─── Material supplied ───

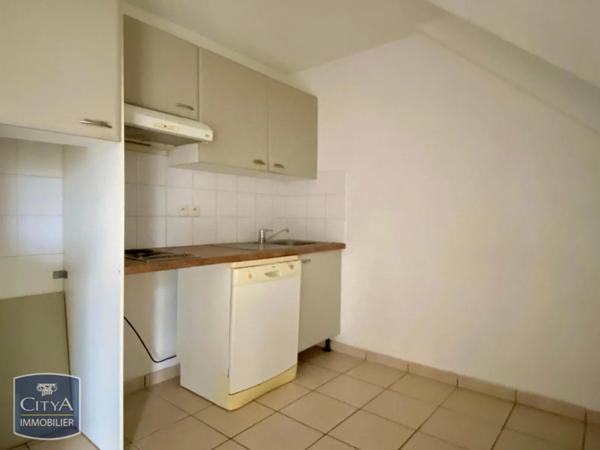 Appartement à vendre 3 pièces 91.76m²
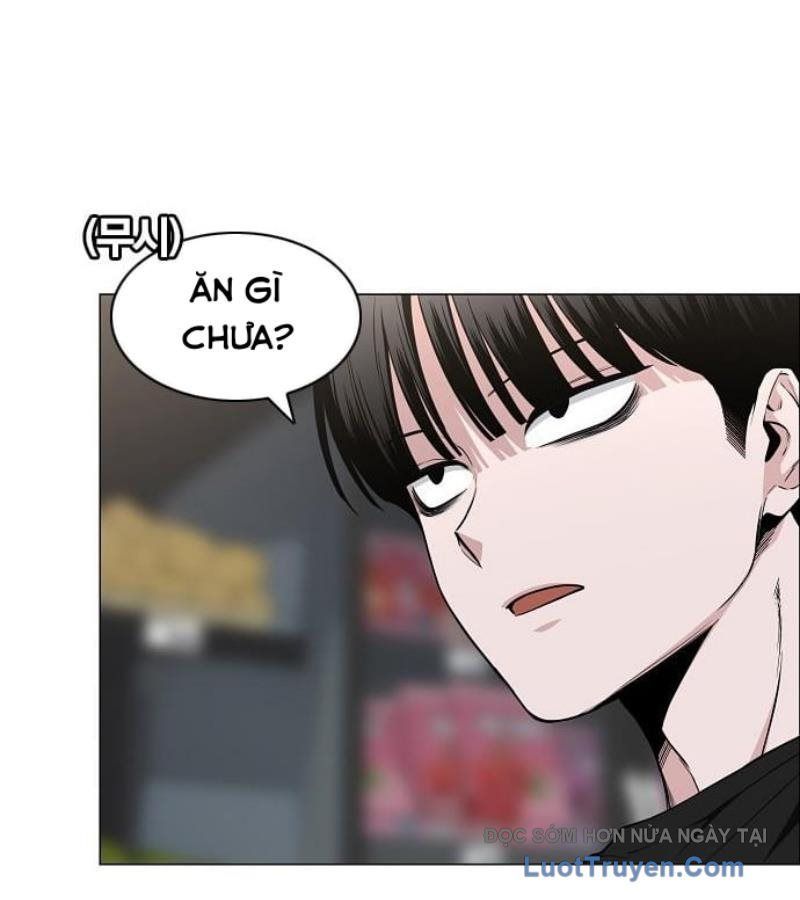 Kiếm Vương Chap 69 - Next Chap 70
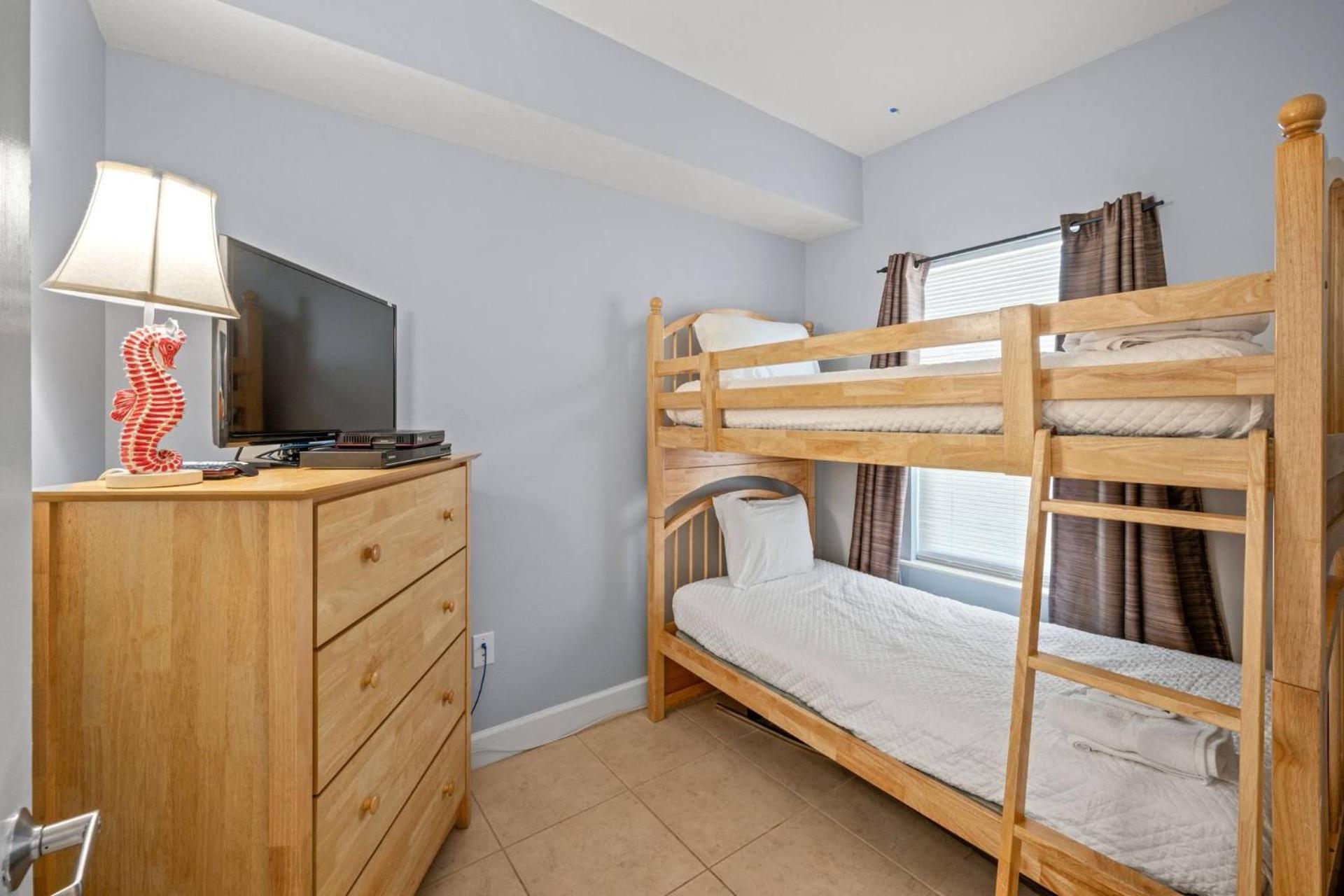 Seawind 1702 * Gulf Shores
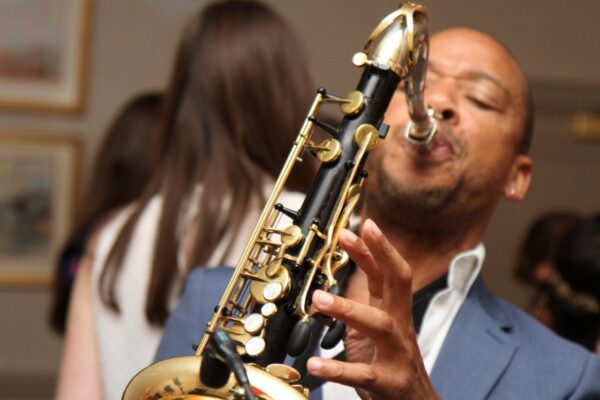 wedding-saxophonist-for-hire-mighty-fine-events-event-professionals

───
─── Material supplied ───

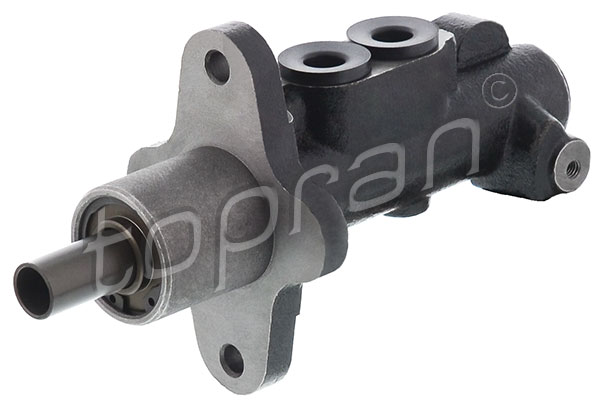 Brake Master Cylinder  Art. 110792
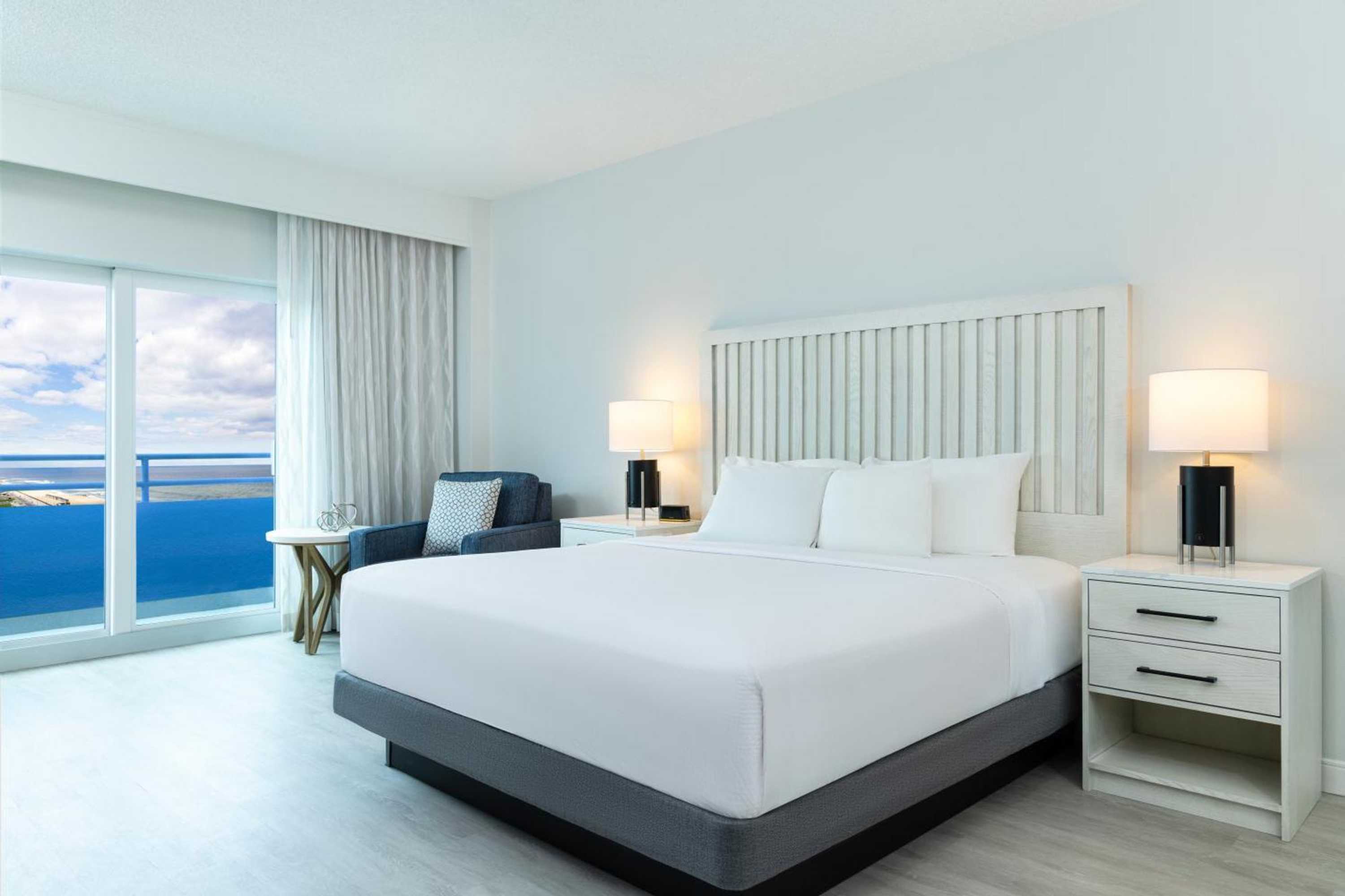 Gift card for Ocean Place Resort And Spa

───
─── Material supplied ───

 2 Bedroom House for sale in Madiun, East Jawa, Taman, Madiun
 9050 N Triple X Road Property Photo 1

───

Exercise directions
From the entries above, give again exactly the lines running from the line with "2 Bedroom House" to the line with "9050 N Triple X Road Property Photo 1"; include both of those lines.

Completed task
 2 Bedroom House for sale in Madiun, East Jawa, Taman, Madiun
 9050 N Triple X Road Property Photo 1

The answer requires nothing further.